The majority of teacher unions in Ontario have dismissed the proposal of binding arbitration as a means of securing new contracts, potentially leaving room for strikes to occur.
Last Friday, an announcement was made that the government and the Ontario Secondary School Teachers’ Federation (OSSTF) would resort to arbitration if a negotiated contract deal wasn’t achieved by October 27th. However, the approval from OSSTF members is still pending.
Stephen Lecce, Education Minister, had expressed optimism that other unions would agree to what he described as an “incredibly fair, reasonable student-focused proposal.”
Nevertheless, in a joint statement, the Elementary Teachers’ Federation of Ontario (ETFO), the Ontario English Catholic Teachers’ Association (OECTA), and the Association des enseignantes et des enseignants franco-ontarien (AEFO), expressed inability to take the proposal into consideration presently.
According to René Jansen in de Wal, the President of OECTA, the proposal designed for OSSTF does not suit their needs. He mentioned that arbitration could be beneficial under correct circumstances, but expressed concern that it may limit the scope of discussion on critical issues impacting the students and the classroom environment.
Karen Brown, ETFO President, shared these sentiments, stating that many of the concerns raised by their members wouldn’t be best resolved by an arbitrator. She mentioned issues of violence in classrooms and hiring practices, emphasizing the need for decisions to be made by the government after extensive dialogue and negotiations.

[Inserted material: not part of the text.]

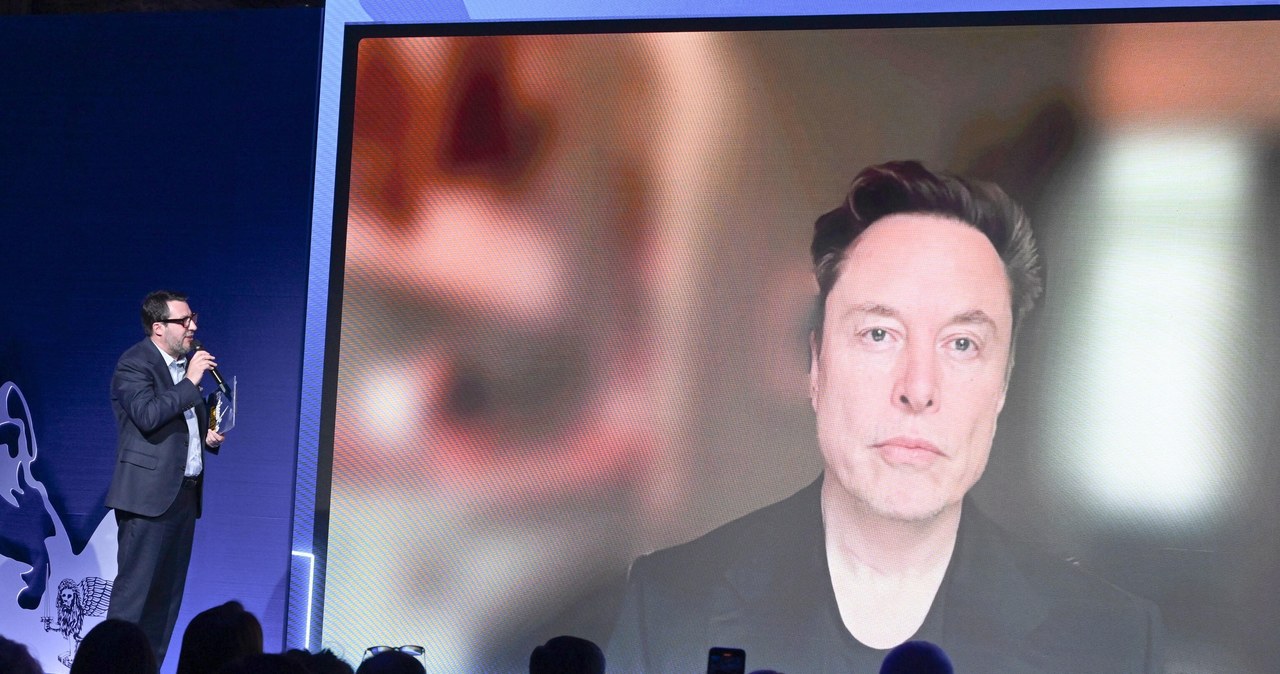 Musk mówi z ekranu: Europę czekają masakry
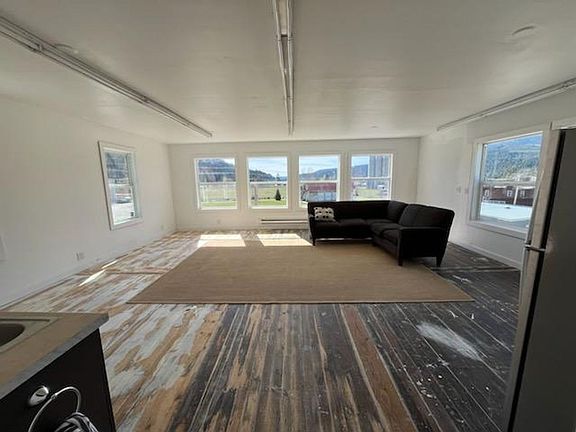 5th image of 225 E 4th Ave #2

Attempting to assuage these concerns, Lecce explained that the arbitration approach potentially left ample room for “spirited discussions at the bargaining table” until October 27th. He made it clear that for unresolved issues popping up during these discussions, a credible, independent, third-party arbitration system would boost the chances for resolution and settlement, thereby ensuring continual classroom learning.
The teacher unions ETFO, OSSTF, and OECTA have scheduled strike votes for September and October with the intention of ascertaining member support for job action and to add a sense of urgency to the bargaining process. The AEFO president mentioned last week that the union was in the process of evaluating its options.